UTF-8 as Character Set in SQL Assistant

Teradata Applications

UTF-8 as Character Set in SQL Assistant

I'm using UTF-8 as the character set when connecting with SQL Assistant but it seems to have trouble exporting the en dash. I get a SPA character or double blank instead. It works if I switch to ASCII which doesn't make much sense because I thought ASCII was a subset of UTF-8.

 

Anyone else experience this or have a solution?

 

Thanks.

3 REPLIES
Teradata Employee

Re: UTF-8 as Character Set in SQL Assistant

If Windows-1252 single-byte characters were (incorrectly) loaded by a session that specified or defaulted to ASCII client character set, then the Windows "en dash" would be stored essentially unchanged as x'96' in a LATIN column or U+0096 in a UNICODE column, versus the "correct" U+2013 equivalent (which could not be stored in a TD LATIN column). If you then query as ASCII, again the single-byte characters are essentially unchanged and you get back x'96'; so everything appears on the surface to be correct.

 

But if you ask for translation to UTF-8, the internal value is interpreted as the "Start of Guarded Area" control character. It's also interpreted as this control character internally in the collation sequence (for sorting and ordering).
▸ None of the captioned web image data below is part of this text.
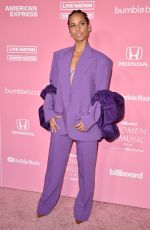 ALICIA KEYS at Billboard Women in Music 2019 in Los Angeles 12/12/2019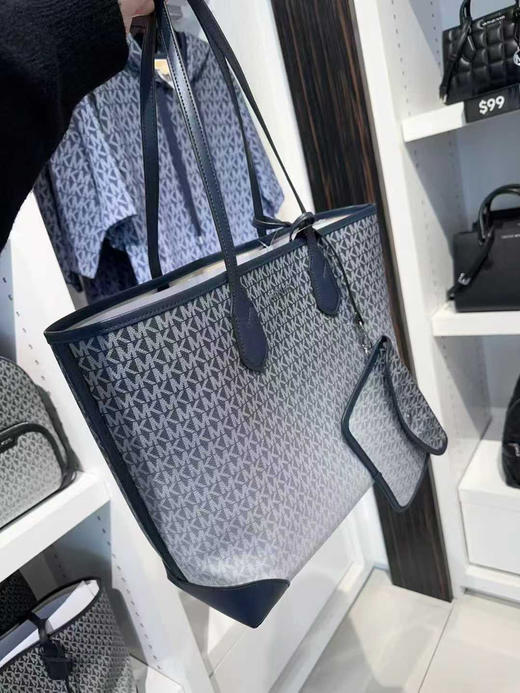 💰850🇺🇸包邮✈️MK 新款eva大号托特手提子母包‼️自带一个小手包，经典logo配色 非常实用 商品图1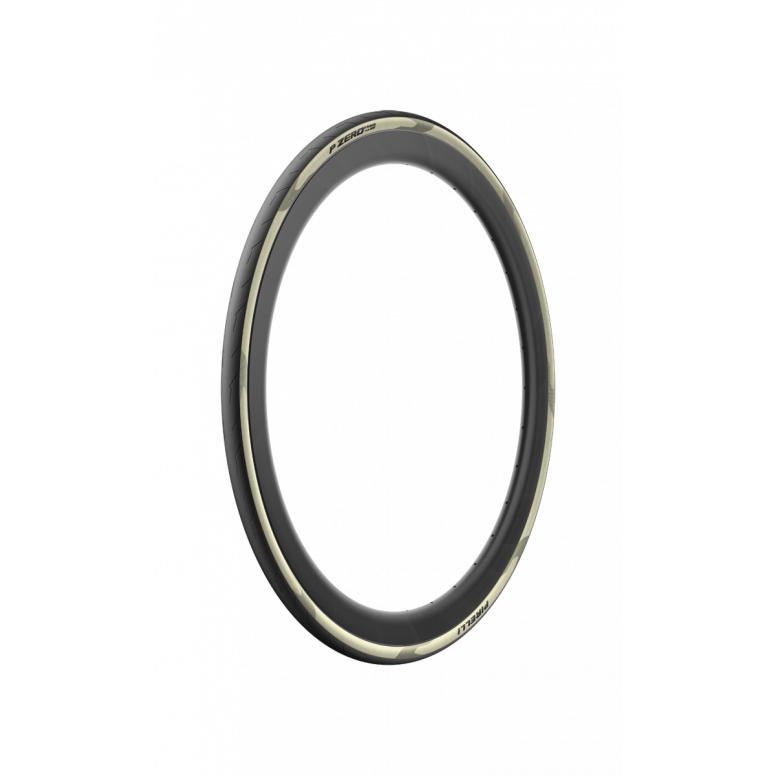 Pirelli P Zero Race Tlr Rs Retro Cream / Speedcore / Smartevo / 700X32C / Tubeless Ready / Clincher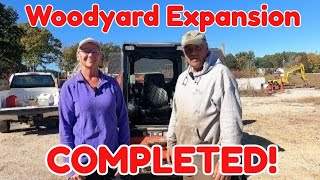 Woodyard Expansion Complete [upl. by Taffy846]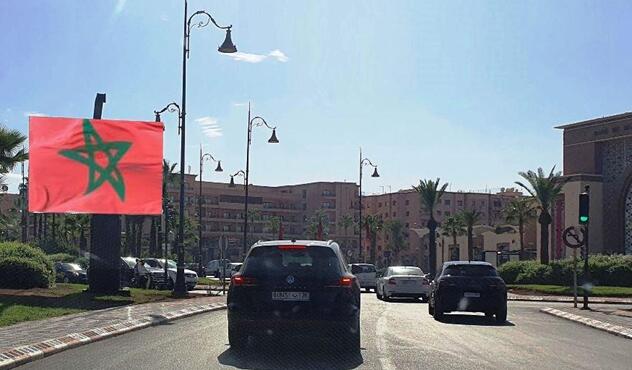 馬拉喀什戶外廣告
Re: UTF-8 as Character Set in SQL Assistant

Is there any workaround? Is there a character set I should be using as the default when connecting? What is the benefit to UTF-8 over ASCII? I'm really not very clear on what the session character set does compared to setting columns in tables as LATIN vs UNICODE. If anyone could explain it or point me in the right direction for documentation that would be awesome. Thanks.

Teradata Employee

Re: UTF-8 as Character Set in SQL Assistant

If non-ASCII data is incorrectly loaded as ASCII to a LATIN column, a potential workaround is to query it as ASCII. The combination of ASCII / LATIN involves no translation, so the display will generally appear "correct" as long as the user interface uses the same character set as the source. A better solution would be to load and store the data correctly.

 

In the general case, the Session Character Set should accurately describe the data being sent or received by the client, and the database will attempt to translate that to the internal storage format (Teradata-specific LATIN or Teradata UNICODE subset) indicated by the column attribute.

 

On the other hand, many client applications or APIs already deal with Unicode characters internally and handle the translation to and from whatever "locale" is specified for the user interface. So we can use standard UTF8/UTF16 encodings for transmission rather than having the database do character set translation, and this has become the preferred approach in most cases (not just when working with Teradata). 

 

There is an "International Character Set Support" manual that explains how this works in more detail.